[Xapian-discuss] Xapian documentation

James Aylett james-xapian at tartarus.org
Wed May 10 12:41:50 BST 2006


On Wed, May 10, 2006 at 01:24:06AM +0100, Olly Betts wrote:

> > but I suspect we want
> > to split the "how does Xapian think" up a little so people who don't
> > want to program to Xapian can read it.
> 
> None of the internal documentation really describes it at that level
> though (if anything our internal documentation is a bit too low level!)

Richard thought he needed to fill in the gap a little :-)

> "Overview" gives a reasonable idea of "how Xapian thinks" from a user's
> point of view.  While it could be improved, I think it's along the right
> lines.

Yes, there's a lot of good stuff there. One thing I particularly want
to do is change the slant slightly so it doesn't start "This document
provides an introduction to the native C++ Xapian API" - most of the
information is great for people who will never code to Xapian, and all
of it is good for people who will use the bindings, and I suspect some
people get frightened off by the mention of C++.
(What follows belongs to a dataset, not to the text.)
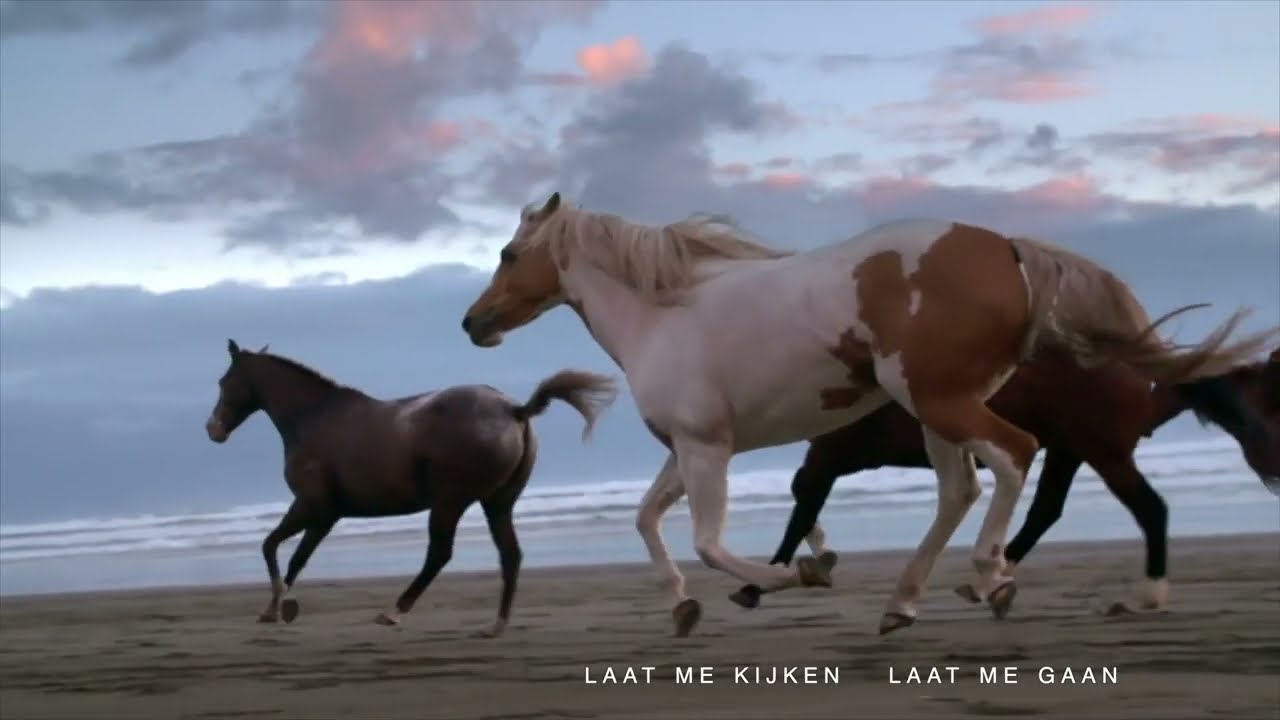 Mag ik even naar het strand ( groep 7/8 )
> I think the full list of current users is probably too dynamic and
> mostly interesting as a set of links to look at.  A few cherry-picked
> examples to illustrate the size and range of uses would work in a manual
> though.

Good idea.

> The way I see it, for a new visitor, the front page is perhaps their
> first or at least one of their earliest impressions of Xapian.  So
> it's good to have a succinct, clean-looking page.  It needs to explain
> what Xapian is and what it can do for them (and probably also what it
> can't do so that we don't constantly get asked!)

Agreed. 

> It's good to cover the different possible reasons people might be
> looking at Xapian, and to some extent we have this already - there's a
> paragraph for developers and one for people looking for something like
> Omega.

Yes, it just needs repacking slightly, and making more obvious. Layout
is probably of more use than changing the text here - you have to read
all the paragraphs to find the one you want. Some headings would help.

I also feel that the order is wrong. I'd like:

 * Welcome to Xapian. The latest version is <X>, released <Y>

   Rationale for including the latest version: (a) a fair number of
   people will be return visitors, and if they aren't on the mailing
   list they will want to quickly double-check if they are up to date
   (alternatively we could put it in the side menu for this); (b) less
   importantly, I find when visiting a new project that I get a lot of
   confidence if the latest release has a recent date

 * Xapian is an OSPIR library, released under the GPL. <then a bit
   explaining that for people who don't know what information retrieval
   is?>. 

   Rationale for removing the bindings and C++ reference: this says
   what Xapian is, with a slightly unpacked explanation of why this is
   good. It's therefore useful for people who will go on to use Omega,
   whereas currently I worry that some people will be put off by the
   time they get to that paragraph.

 * Omega (for the least hands-on class of user)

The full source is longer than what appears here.